*WHAT YOU SHOULD DO*: Exact reproduction of the listing is required. Pictures are not reproduced.

*DATASET EXTRACT*:
☆ ☆ ☆
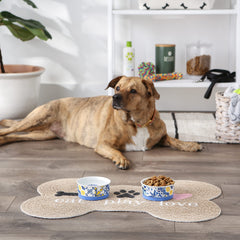 Bone Dry ceramic bowls labeled dishwasher-safe for easy cleanup after meals.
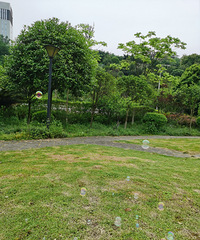 ץס�����β�ͣ�����ط��������ʿ���̫�����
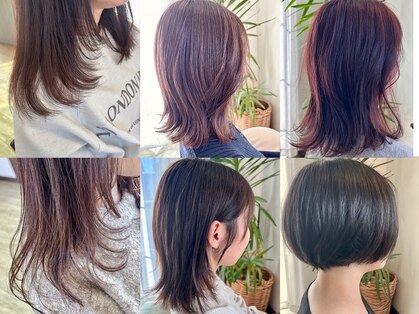 クローバー(clover)の写真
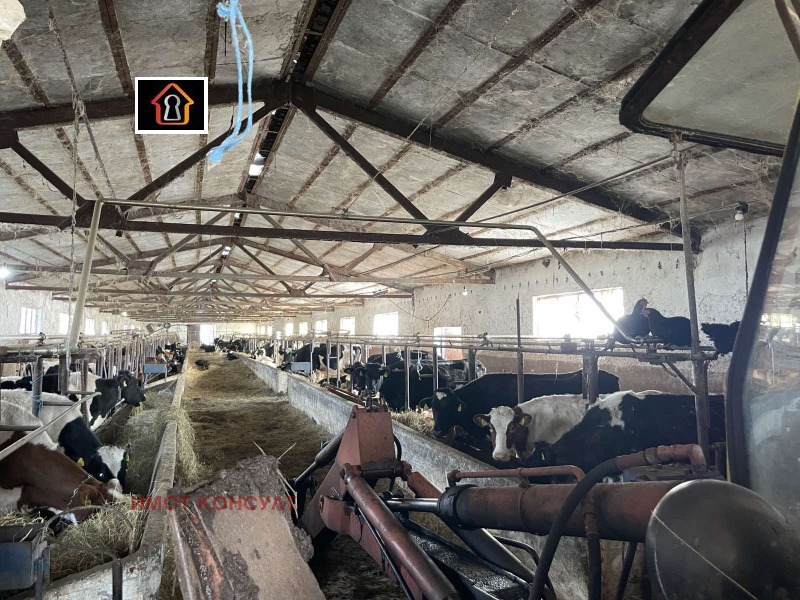 Продава БИЗНЕС ИМОТ, с. Мраморен, област Враца, снимка 10 - Други - 53536653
☆ ☆ ☆
*WRITTEN ANSWER*:
 Bone Dry ceramic bowls labeled dishwasher-safe for easy cleanup after meals.
 ץס�����β�ͣ�����ط��������ʿ���̫�����
 クローバー(clover)の写真
 Продава БИЗНЕС ИМОТ, с. Мраморен, област Враца, снимка 10 - Други - 53536653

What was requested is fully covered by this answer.